Task instructions: A copy is needed of each line in the records that has the word "белая".

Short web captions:

Content starts

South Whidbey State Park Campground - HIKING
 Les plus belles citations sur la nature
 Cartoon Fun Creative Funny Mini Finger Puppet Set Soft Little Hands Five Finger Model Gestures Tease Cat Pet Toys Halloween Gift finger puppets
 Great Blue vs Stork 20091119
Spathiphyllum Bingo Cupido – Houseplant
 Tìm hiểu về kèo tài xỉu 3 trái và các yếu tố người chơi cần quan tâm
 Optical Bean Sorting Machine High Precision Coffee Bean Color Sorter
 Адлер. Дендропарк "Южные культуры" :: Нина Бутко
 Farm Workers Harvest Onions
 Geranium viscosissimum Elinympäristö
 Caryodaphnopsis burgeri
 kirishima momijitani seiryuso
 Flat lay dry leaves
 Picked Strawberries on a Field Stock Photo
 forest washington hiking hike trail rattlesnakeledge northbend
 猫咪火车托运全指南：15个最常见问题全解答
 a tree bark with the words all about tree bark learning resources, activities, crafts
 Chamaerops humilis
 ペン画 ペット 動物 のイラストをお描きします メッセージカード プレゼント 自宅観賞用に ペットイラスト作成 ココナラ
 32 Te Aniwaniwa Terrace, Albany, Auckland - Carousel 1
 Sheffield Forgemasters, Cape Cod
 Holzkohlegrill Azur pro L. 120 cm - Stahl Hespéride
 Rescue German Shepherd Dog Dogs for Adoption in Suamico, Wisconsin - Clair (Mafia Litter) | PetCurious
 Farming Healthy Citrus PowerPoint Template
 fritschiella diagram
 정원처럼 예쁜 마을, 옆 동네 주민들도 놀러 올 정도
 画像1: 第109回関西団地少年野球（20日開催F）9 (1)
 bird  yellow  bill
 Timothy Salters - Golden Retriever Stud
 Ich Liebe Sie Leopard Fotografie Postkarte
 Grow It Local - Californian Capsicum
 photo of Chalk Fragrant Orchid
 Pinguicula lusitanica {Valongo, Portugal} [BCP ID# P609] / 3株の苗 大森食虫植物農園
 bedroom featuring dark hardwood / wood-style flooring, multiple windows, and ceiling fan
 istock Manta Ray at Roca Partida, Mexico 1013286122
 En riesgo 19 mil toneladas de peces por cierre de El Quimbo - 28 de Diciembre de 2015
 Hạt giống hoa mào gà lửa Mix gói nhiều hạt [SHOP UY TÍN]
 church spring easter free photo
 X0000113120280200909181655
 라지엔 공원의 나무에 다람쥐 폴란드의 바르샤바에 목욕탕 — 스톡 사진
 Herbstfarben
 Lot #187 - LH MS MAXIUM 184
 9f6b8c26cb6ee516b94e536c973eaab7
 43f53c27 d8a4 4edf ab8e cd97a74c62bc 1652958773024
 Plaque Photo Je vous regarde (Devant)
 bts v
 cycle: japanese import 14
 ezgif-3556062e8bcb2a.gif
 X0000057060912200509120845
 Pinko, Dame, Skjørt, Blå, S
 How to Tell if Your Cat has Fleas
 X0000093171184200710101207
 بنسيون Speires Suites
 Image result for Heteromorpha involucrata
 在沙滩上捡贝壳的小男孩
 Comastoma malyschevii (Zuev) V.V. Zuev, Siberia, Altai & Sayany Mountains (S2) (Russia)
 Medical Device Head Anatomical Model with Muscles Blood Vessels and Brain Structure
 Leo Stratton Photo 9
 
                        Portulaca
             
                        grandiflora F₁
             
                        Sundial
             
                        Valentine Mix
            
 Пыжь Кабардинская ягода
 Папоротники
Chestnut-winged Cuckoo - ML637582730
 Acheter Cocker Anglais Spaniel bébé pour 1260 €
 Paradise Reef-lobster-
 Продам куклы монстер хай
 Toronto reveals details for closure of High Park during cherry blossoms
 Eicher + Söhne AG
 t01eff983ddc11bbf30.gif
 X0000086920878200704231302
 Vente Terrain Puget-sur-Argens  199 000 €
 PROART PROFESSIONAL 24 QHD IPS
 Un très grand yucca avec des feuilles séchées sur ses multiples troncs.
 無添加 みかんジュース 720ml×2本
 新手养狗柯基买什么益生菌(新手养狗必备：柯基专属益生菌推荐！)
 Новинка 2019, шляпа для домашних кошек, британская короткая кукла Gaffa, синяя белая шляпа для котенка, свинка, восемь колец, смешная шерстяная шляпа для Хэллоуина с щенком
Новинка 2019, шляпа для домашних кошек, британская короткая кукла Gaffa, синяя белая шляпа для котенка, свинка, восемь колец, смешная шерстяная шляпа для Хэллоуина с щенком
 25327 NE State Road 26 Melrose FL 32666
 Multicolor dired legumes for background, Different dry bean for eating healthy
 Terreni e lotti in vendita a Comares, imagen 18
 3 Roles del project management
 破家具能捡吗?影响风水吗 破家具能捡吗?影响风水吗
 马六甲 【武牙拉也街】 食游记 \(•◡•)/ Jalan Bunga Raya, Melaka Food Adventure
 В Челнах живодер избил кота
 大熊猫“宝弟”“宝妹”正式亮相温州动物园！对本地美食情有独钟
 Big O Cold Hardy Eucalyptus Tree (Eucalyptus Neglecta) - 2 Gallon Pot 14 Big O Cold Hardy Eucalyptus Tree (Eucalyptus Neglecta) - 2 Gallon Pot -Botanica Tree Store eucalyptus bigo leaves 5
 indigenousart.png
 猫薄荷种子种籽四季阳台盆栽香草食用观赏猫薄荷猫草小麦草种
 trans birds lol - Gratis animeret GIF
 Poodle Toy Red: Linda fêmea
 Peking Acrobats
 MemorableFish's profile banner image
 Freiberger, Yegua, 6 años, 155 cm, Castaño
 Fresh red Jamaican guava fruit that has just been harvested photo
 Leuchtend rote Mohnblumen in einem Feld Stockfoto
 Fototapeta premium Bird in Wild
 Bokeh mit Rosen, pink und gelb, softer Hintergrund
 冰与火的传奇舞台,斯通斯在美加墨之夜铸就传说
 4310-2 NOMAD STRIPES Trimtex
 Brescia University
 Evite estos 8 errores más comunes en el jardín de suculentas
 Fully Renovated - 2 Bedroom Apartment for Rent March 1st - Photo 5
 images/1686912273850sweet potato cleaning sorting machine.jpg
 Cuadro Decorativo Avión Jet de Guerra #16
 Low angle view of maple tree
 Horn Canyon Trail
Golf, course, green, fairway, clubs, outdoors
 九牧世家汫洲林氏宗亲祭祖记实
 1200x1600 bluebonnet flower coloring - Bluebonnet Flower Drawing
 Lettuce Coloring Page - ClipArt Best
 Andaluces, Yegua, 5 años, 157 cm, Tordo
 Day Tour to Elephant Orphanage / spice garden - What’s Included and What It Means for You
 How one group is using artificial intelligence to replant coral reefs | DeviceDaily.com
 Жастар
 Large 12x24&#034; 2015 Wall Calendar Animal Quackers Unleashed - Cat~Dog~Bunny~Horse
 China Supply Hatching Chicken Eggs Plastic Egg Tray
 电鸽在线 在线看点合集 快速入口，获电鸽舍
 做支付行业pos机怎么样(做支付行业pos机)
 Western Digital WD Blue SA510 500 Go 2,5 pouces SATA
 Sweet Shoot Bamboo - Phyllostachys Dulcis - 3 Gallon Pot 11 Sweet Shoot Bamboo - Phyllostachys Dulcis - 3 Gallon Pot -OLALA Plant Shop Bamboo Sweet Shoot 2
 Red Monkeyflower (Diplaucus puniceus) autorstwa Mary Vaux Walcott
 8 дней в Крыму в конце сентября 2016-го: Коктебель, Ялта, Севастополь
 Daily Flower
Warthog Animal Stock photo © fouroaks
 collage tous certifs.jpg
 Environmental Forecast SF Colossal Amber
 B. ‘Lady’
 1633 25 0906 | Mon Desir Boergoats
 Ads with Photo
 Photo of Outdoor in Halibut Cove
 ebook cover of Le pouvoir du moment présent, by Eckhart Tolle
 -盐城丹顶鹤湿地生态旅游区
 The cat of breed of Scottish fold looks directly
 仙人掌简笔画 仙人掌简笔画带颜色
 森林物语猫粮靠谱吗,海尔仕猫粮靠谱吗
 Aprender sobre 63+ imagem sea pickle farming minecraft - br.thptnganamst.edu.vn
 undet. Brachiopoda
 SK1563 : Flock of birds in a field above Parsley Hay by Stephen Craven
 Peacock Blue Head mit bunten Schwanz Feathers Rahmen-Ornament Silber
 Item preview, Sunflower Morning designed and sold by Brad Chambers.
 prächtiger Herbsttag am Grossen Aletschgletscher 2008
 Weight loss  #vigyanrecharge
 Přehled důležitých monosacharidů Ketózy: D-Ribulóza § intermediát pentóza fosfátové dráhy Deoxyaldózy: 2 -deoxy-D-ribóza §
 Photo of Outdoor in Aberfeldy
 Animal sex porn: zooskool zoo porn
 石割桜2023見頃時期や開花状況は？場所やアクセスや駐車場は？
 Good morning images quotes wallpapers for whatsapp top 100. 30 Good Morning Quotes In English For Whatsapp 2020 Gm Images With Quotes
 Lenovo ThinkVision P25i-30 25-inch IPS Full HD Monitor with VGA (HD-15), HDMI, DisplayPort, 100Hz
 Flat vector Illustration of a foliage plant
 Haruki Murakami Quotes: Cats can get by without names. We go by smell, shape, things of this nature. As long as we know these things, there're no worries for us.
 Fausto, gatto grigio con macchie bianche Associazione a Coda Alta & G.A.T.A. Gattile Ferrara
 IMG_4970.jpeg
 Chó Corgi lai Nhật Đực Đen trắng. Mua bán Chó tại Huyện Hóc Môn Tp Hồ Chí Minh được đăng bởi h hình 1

Content ends

Result below:
 Новинка 2019, шляпа для домашних кошек, британская короткая кукла Gaffa, синяя белая шляпа для котенка, свинка, восемь колец, смешная шерстяная шляпа для Хэллоуина с щенком
Новинка 2019, шляпа для домашних кошек, британская короткая кукла Gaffa, синяя белая шляпа для котенка, свинка, восемь колец, смешная шерстяная шляпа для Хэллоуина с щенком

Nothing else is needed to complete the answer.